Seconds is a successful restaurant, thanks in large part to Katie’s cooking and dedication – but she doesn’t own the place. So she’s been scrimping and saving to buy her own restaurant, move out of Seconds, and live happily ever after. Except there are delays in the renovation of the dump she bought with her business partner. Oh, and the house spirit of Seconds has issues with Katie. 

Katie dreams about a strange girl crouching atop her cabinet and, after a disastrous night in the kitchen, she looks inside to find a notebook and a mushroom. If she writes down a wish in the notebook, eats the mushroom, and goes to sleep, when she awakens the wish will have come true. So begins a brilliant “be careful what you wish for” type story. 

It’s been four years since the final Scott Pilgrim, though Seconds is more of a sequel to Bryan Lee O’Malley’s first book, Lost At Sea. Both feature protagonists searching for something they had all along. It’s also less fantastical than Scott Pilgrim, though, from the setup alone, you can tell O’Malley hasn’t left magical realism behind. 

While Katie is written as this master chef, O’Malley doesn’t dwell on that aspect too long and so the food element to the character doesn’t seem convincing.
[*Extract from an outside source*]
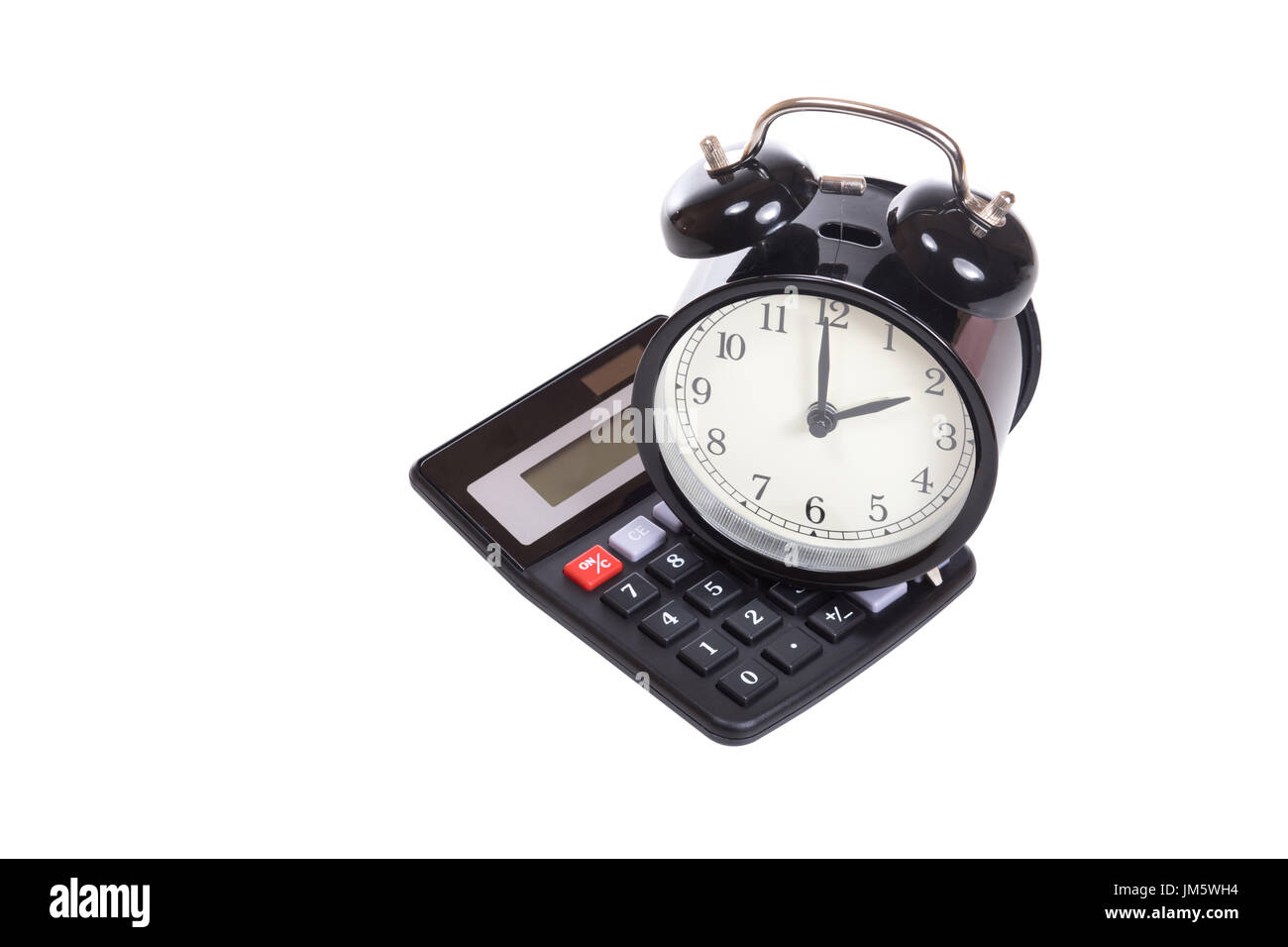 Retro alarm clock on top of a calculator in a conceptual image isolated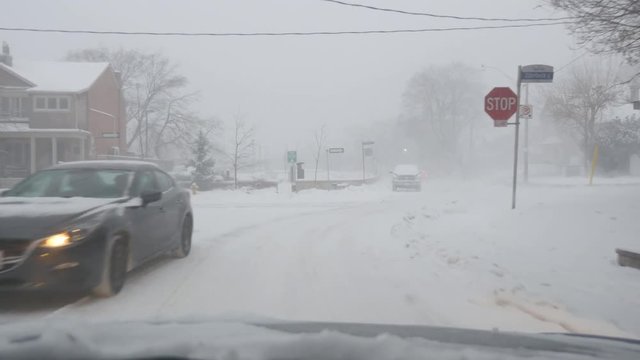 TORONTO, CANADA on Dec 16th: Driving in a snowstorm on December 16th, 2016 in Toronto, Canada. A sudden snowstorm hit Toronto in the afternoon bringing approx 12 cms of snow.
But what O’Malley does know is relationships and the heart of the book is Katie’s attempts to get her ex-boyfriend, Max, back. The snappy, smart ‘n’ sassy dialogue is one of O’Malley’s strengths and everyone here (all under 30 of course) sounds very real. Katie also interacts with the omniscient narrator which is an ingenious touch from the author and something I’ve never seen before in a comic. 

This is also O’Malley’s first book that’s been published in full colour (though the Scott Pilgrim books have been recently re-released in full colour hardbacks) and, if you’re unfamiliar with his style, the art is strongly anime-influenced. In fact, a lot of the art is done in the chibi-style. And though that might make the art seem overly cutesy and cartoony, you’ll be blown away with how affecting O’Malley can make his characters appear, especially as chibis! 
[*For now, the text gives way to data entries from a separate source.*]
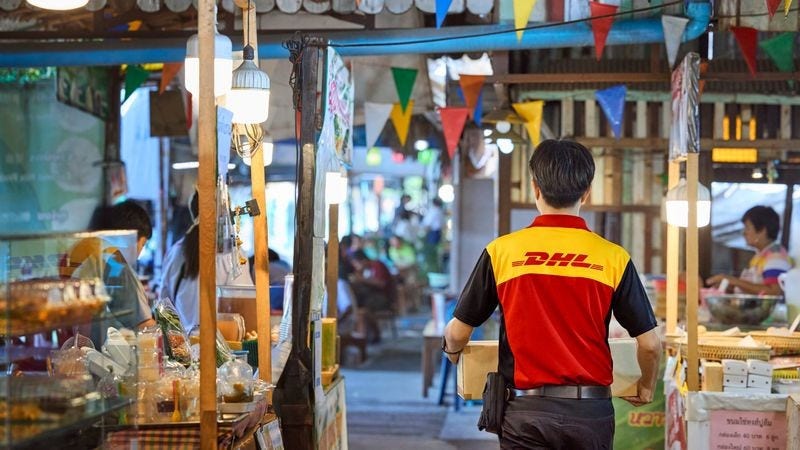 A DHL Express deliveryman walks through a marketplace carrying a parcel.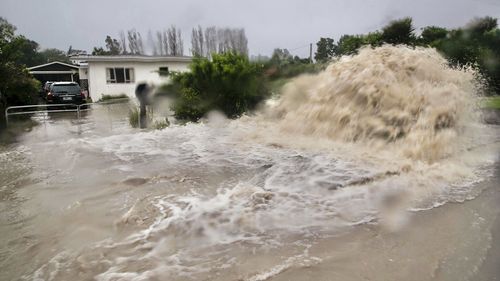 Water gushes from a storm drain access port on a street in Te Awanga, southeast of Auckland, New Zealand, Tuesday, Feb. 14, 2023.  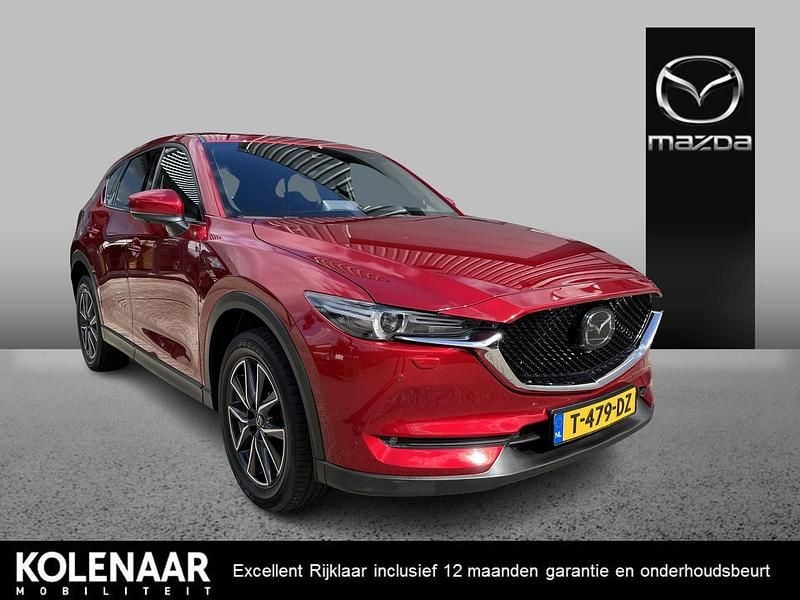 Soul red crystal metallic (46v) Gebruikt 2021 Mazda CX-5 Signature SUV | € 33.895 (Eerlijke prijs) - Afbeelding 1/4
Seconds is a slightly more mature book than O’Malley’s previous publications, though it’s full of the author’s usual wit and humour. The kind of story it is, and its message of trying to fix things in the present to make things better in the future, rather than wishing to change the past, isn’t original; but O’Malley’s treatment of them in Seconds is. His writing and art is top notch throughout and Seconds is an absolute joy to read. I loved Seconds and recommend it to anyone who enjoys quality, fun comics!